* _Information provided_:
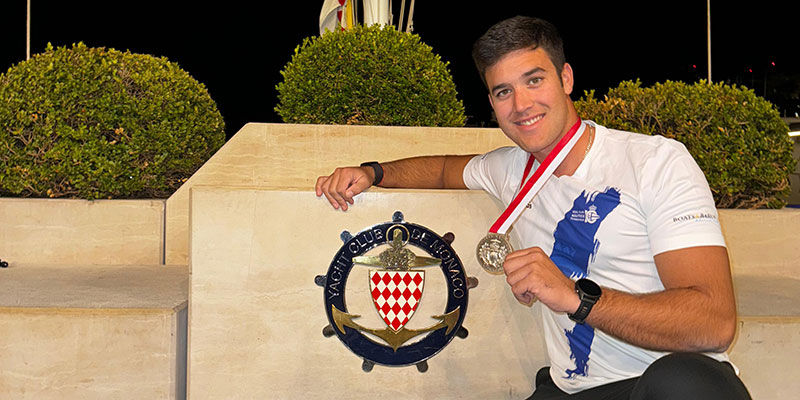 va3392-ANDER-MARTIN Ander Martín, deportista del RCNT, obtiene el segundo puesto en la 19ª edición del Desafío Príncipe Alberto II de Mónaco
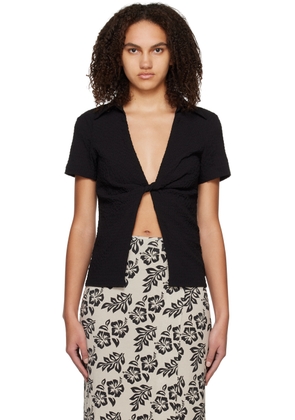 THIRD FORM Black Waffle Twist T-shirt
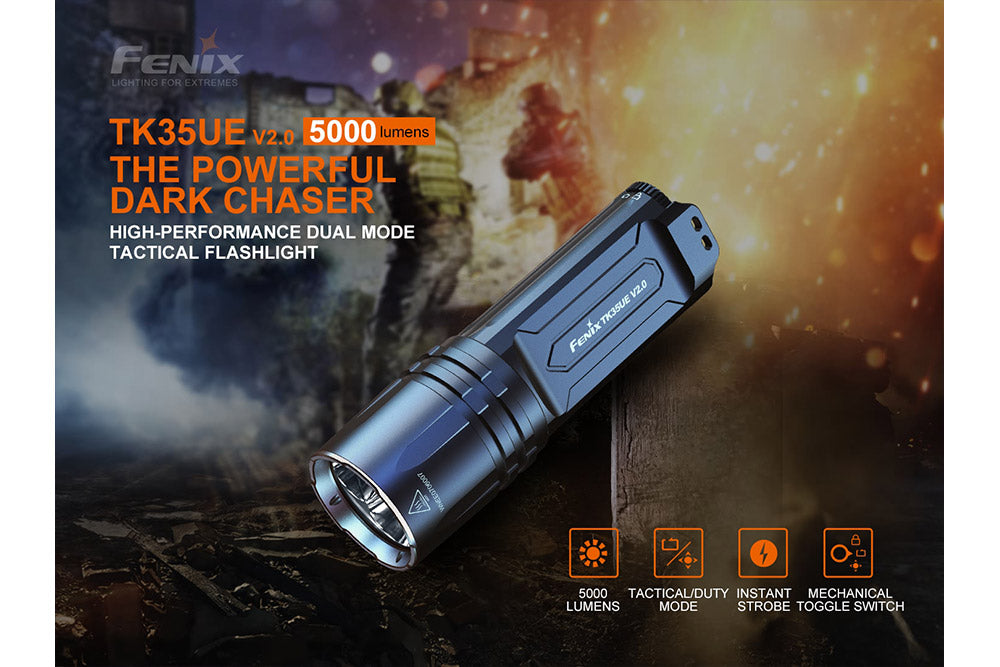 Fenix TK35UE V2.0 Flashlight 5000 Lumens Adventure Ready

* _Description of the task_:
Please reproduce each line of the listing above exactly, skipping pictures.

* _Exercise result_:
 va3392-ANDER-MARTIN Ander Martín, deportista del RCNT, obtiene el segundo puesto en la 19ª edición del Desafío Príncipe Alberto II de Mónaco
 THIRD FORM Black Waffle Twist T-shirt
 Fenix TK35UE V2.0 Flashlight 5000 Lumens Adventure Ready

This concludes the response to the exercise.